The eddies studied in the Biogeosciences article form where a current that flows along the West African coast becomes unstable. They then move slowly to the west, for many months, due to the Earth's rotation. "Depending on factors such as the [eddies'] speed of rotation and the plant growth, the initially fairly oxygenated waters get more and more depleted and the dead zones evolve within the eddies," explains Karstensen. The team reports concentrations ranging from close to no oxygen to no more than 0.3 millilitres of oxygen per litre of seawater. These values are all the more dramatic when compared to the levels of oxygen at shallow depths just outside the eddies, which can be up to 100 times higher than those within.

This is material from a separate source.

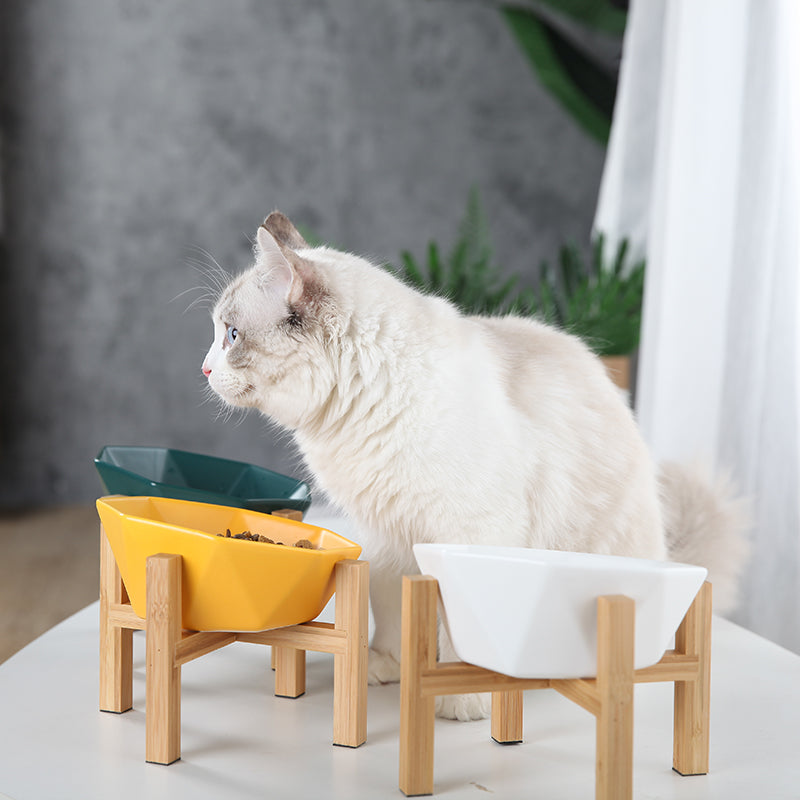 KFX-8968125 Ceramic High-Footed Cat Food Bowl with Bamboo Wood Base, 250g Capacity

The upper clip shows the eastern part of the tropical North Atlantic Ocean, with the African Coast on the right and the Cape Verde Islands in the centre. The white cross north of the islands marks the location of the Cape Verde Ocean Observatory (CVOO) mooring where the researchers observed the low-oxygen eddies. The moving black circle indicates an eddy that, when it was observed at the mooring during February 2010, had very low oxygen concentrations. It formed near the West African coast and then moved slowly to the west due to the Earth’s rotation (the track is seen as an evolving blue line). The colours in the upper plot represent sea level anomalies, which are also indicative of the direction of water rotation: red is for higher than mean sea surface and anticyclonic eddies, blue means lower sea level anomaly and is indicative of cyclonic eddies. Flow at the surface is represented by grey arrows. The lower panel shows the oxygen concentration at 40 m depth at the CVOO mooring over a similar time period. Typical concentrations are close to saturation (5 to 6 ml/l). When the dead-zone eddy arrives at the CVOO, the oxygen measured at that location drops abruptly. After the passage, oxygen concentrations at the CVOO return to standard values [Credit: Florian Schütte/GEOMAR]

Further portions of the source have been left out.